Improving CellProfiler Speed


#1

Hello,

I have been running a CellProfiler3.0 pipeline locally on my laptop for some time. For a typical 96-well plate (4 fields, 3 channels), it takes around 3-5 hours to run. We recently upgraded to 384-well plates in hopes of starting screening, and it’s taking well over 20 hours/plate. The program always indicates that it is running 4 workers, and I have done as much as I can to shorten the processing time (hiding all windows on run, reducing measurements collected, etc). I am wondering what would be the best way to improve processing time. We are open to getting a new desktop if necessary, or running on the cloud if that is feasible (my understanding of cloud computing is minimal).

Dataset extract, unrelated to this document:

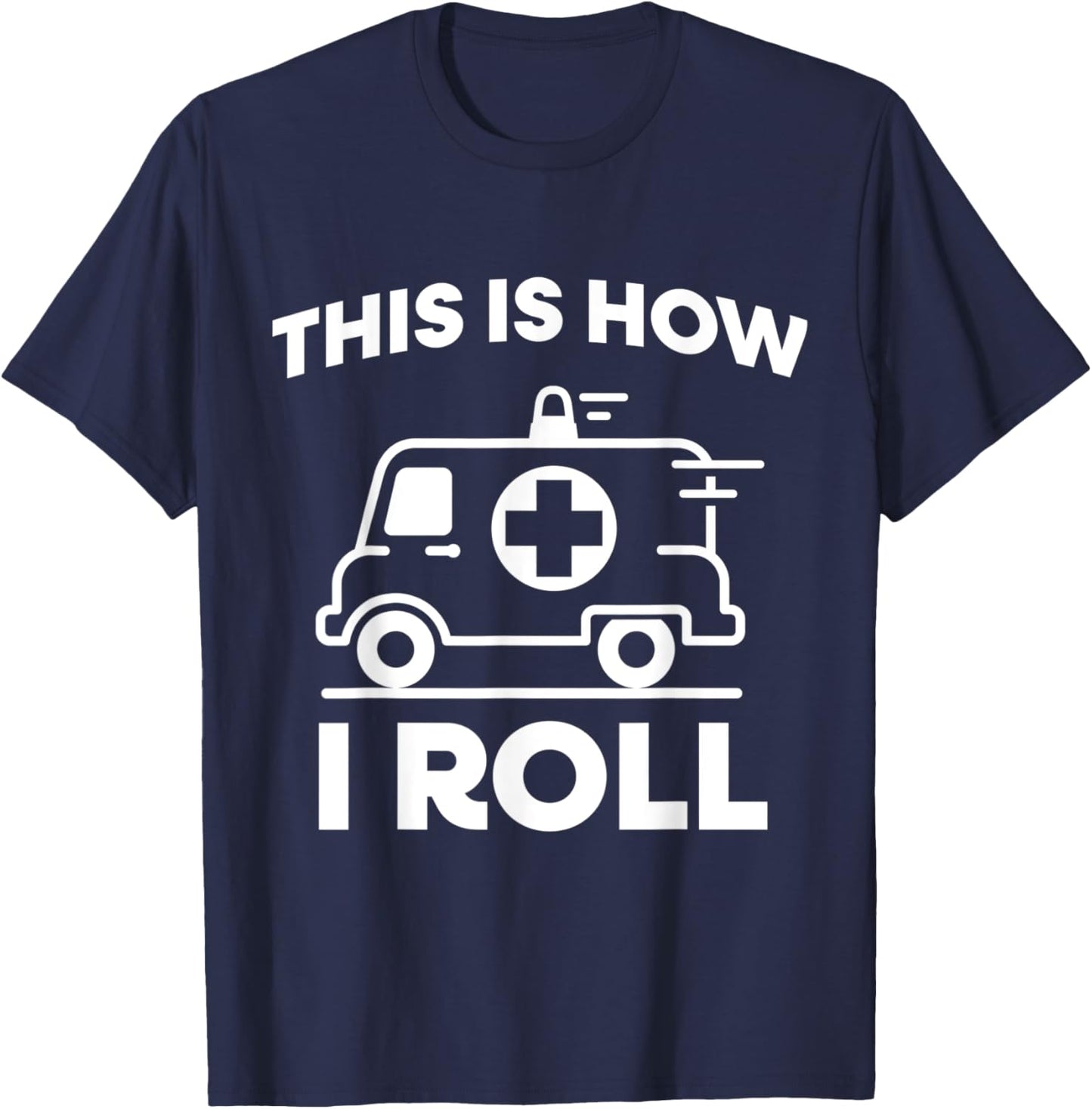 This Is How I Roll Ambulance EMT Paramedic Medic T-Shirt - T-Shirt | Navy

Thank you very much!


#2

Without knowing really anything about your setup or pipeline I can’t really give good advice other than

  • Make sure you’re using ExportToDatabase (in SQLite mode is a good place to start) not ExportToSpreadsheet
  • Give CellProfiler a temp directory with lots of file space.

A dedicated image processing machine with plenty of RAM and disk space isn’t a bad idea if you’re planning to do screening; if you want to try running in the cloud there are ways to do that but whether it’s better to do that vs buy a new machine depends on a lot of factors (your comfort with executing things from the terminal, whether you’d rather spend a lot of money up-front vs smaller amounts over time, exactly how much data you want to run and how complex your pipeline is).


#3

I can attach my pipeline if that could help identify the best solution. I am completely unfamiliar with running programs in the cloud, but if it is simple to learn, I am open to it.


#4

@bcimini Why is exporting to a database faster than exporting to a CSV-file? I did some preliminary testing with a small image set (only 6 images), and the pipeline took 4 min 10 sec with ExportToSpreadsheet, and 5 min 30 sec with ExportToDatabase (SQLite). I realize that with such a small sample set, there might some overhead that confounds the results, and I will try with a larger samples as soon as I have figured out how to see the total run time after completion of the pipeline, so that I don’t have to wait around to time the results. But it would be interesting to hear your experience and the reason why database export would be faster.